Fig. 5 The diffuse reflectance intensities at different angles for RNP (red curve) and S-RNP (black curve). The data are generated from Fig. 4.

All the above results can be explained. Obviously, the difference in color between RNP and S-RNP is attributed to scattering. It is well known that the scattering efficiency is governed by a few factors. Firstly, scattering is strongly dependent on the difference in the refractive index between the dispersed phase and the matrix. A significant difference in the refractive index results in strong scattering. Secondly, scattering is also related to the difference between the wavelength of light and the particle size. The optimal dispersed phase diameter for scattering light is about half of the wavelength of the light. Here, the light scattering of S-RNP is mainly caused by the air voids between TiO₂ particles. After loading TiO₂ particles on the paper, the difference in refractive index was not only that between cellulose (1.55) and air (1.00) but also partially between TiO₂ (2.73) and air (1.00),^19,20 leading to an increase in the difference in the refractive index. Consequently, the scattering of S-RNP evidently increased in comparison with that of RNP. Additionally, it is known from Mie theory that when the size of a particle is comparable to the wavelength of incident light, Mie scattering predominates, and the wavelength of light of Mie scattering is almost the same as the wavelength of the incident light.²¹ In other words, in the case of incident light of visible wavelength, Mie scattering can increase the white component in the reflected light. As a result, the fading of colored paper caused by the loaded TiO₂ particles can be understood. In fact, it is very common for white particles with a higher refractive index to be used to obscure a background of contrasting color.¹⁹

3.2. Effect of the showing mechanism on the morphology and color of paper loaded with TiO₂

3.2.1. Effect of the showing mechanism on the morphology of paper loaded with TiO₂. According to the showing process mentioned in Experimental section 2.3, a trace amount of ionic liquid was introduced into the S-RNP sample to reduce scattering for showing the color. The morphology and components for the showed S-RNP were characterized by SEM and EDS mapping as shown in Fig. 6. Compared with the SEM image of the S-RNP sample (Fig. 3b), most of the air voids between TiO₂ particles located on fibers are filled in the showed S-RNP (Fig. 6a). In addition, the EDS spectrum of the showed S-RNP shows that besides C, O, and Ti, N, P, and F from [BMIm]PF₆ are also found (Fig. 6b). Fig. 6c and d illustrate the distributions of P and Ti, respectively. P homogeneously appears on the fibers of the paper, indicating that the air voids between the TiO₂ particles were filled by ionic liquid [BMIm]PF₆. It is noteworthy that the selection of this ionic liquid was based on the following considerations. Firstly, this ionic liquid possesses a high refractive index and low volatility as well as good affinity with the used paper. The high refractive index is beneficial for reducing scattering, the low volatility is favorable for the durable storage of the liquid in the scattering medium, and the good affinity is beneficial for decreasing the interface in the scattering medium.

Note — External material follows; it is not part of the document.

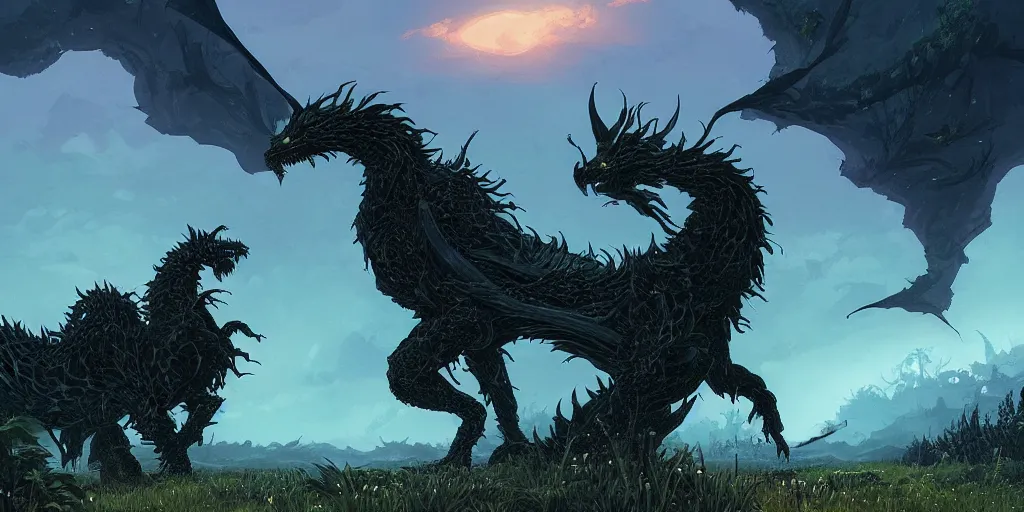 Image similar to The guardian of the meadow, a terrible black dragon, mattepainting concept Blizzard pixar maya engine on stylized background splash comics global illumination lighting artstation by Feng Zhu and Loish and Laurie Greasley, Victo Ngai, Andreas Rocha, John Harris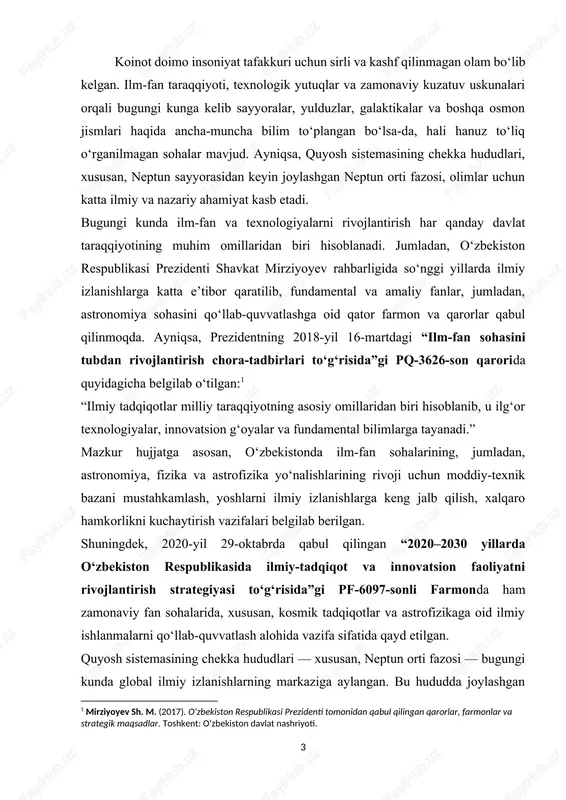 an objects, tnos) — quyosh sistemasi paydo bo‘lgan ilk davrlardan beri o‘z holicha deyarli o‘zgarmay saqlanib qolgan qadimiy jismlar sifatida baholanadi. mazkur obyektlarning o‘rganilishi bizga quyosh sistemasining shakllanish tarixi, uning tarkibiy qismlari va evolyutsiyasi haqida muhim ma’lumotlarni taqdim etadi. neptun orti obyektlariga kuiper belbog‘i jismlari, skaterred disk obyektlari, mitti sayyoralar (pluton, makemake, haumea, eris va boshqalar), hamda noaniq tasnifga ega bo‘lgan uzoq orbitalarga ega jismlar kiradi. bu obyektlarning o‘ziga xos dinamikasi, fizik tarkibi va orbital xususiyatlari ularni alohida ilmiy qiziqish ob’ektiga aylantiradi. so‘nggi yillarda olib borilayotgan ilmiy tadqiqotlar, ayniqsa, nasaning new horizons kabi missiyalari ushbu obyektlar haqidagi bilimlarimizni yanada boyitmoqda. neptun orti hududi va u yerda joylashgan astronomik obyektlarning tabiatini chuqur o‘rganish, ularni tasniflash, hamda bu obyektlarning ilm-fan va kelajakdagi kosmik izlanishlar uchun qanday ahamiyatga ega ekanini aniqlashdir. shu bilan birga, bu ish orqali neptun orti hududini o‘rganishdagi dolzarb muammolar va istiqbollar haqida ham umumiy tasavvur berishga harakat qilinadi. kurs …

Fig. 6 (a) SEM image and (b) EDS spectrum of the showed S-RNP; (c) and (d) the corresponding elemental mapping of P and Ti, respectively.

3.2.2. Effect of the showing mechanism on the color of paper loaded with TiO₂. The effect of the showing mechanism on the color of S-RNP was measured using a multi-angle spectrophotometer. The corresponding results, including color images and reflectance spectra in different directions, are shown in Fig. 7. In any direction, the reflectance of the showed S-RNP is lower than that of S-RNP, but slightly higher than that of RNP, indicating that the light absorption ability of the showed S-RNP is stronger than that of S-RNP, but slightly weaker than that of RNP (Fig. 7a and b). In other words, the color (red) of RNP fades when TiO₂ particles are introduced into RNP, while the introduction of a trace amount of ionic liquid into S-RNP can reproduce the original color of RNP to some extent. A similar principle has been reported previously.²⁰ As mentioned already, the light scattering from the air voids between the TiO₂ particles in S-RNP bleaches the color of S-RNP. As the air voids with a lower refractive index in S-RNP are filled with ionic liquid with a higher refractive index, the difference in refractive index between the dispersed phases and the matrix in the showed S-RNP is reduced. As a result, the scattering of the showed S-RNP is lower than that of S-RNP, and the color of the showed S-RNP is more visible than that of S-RNP. In principle, any colorless liquid with a higher refractive index can be selected to fill the scattering medium and reduce scattering.^23–25 However, in consideration of stability in the showed color, a colorless stable non-volatile liquid is suitable to restore the bleached color originating from scattering. Moreover, a liquid with good affinity to the treated material should be chosen to eliminate interfaces in the scattering medium.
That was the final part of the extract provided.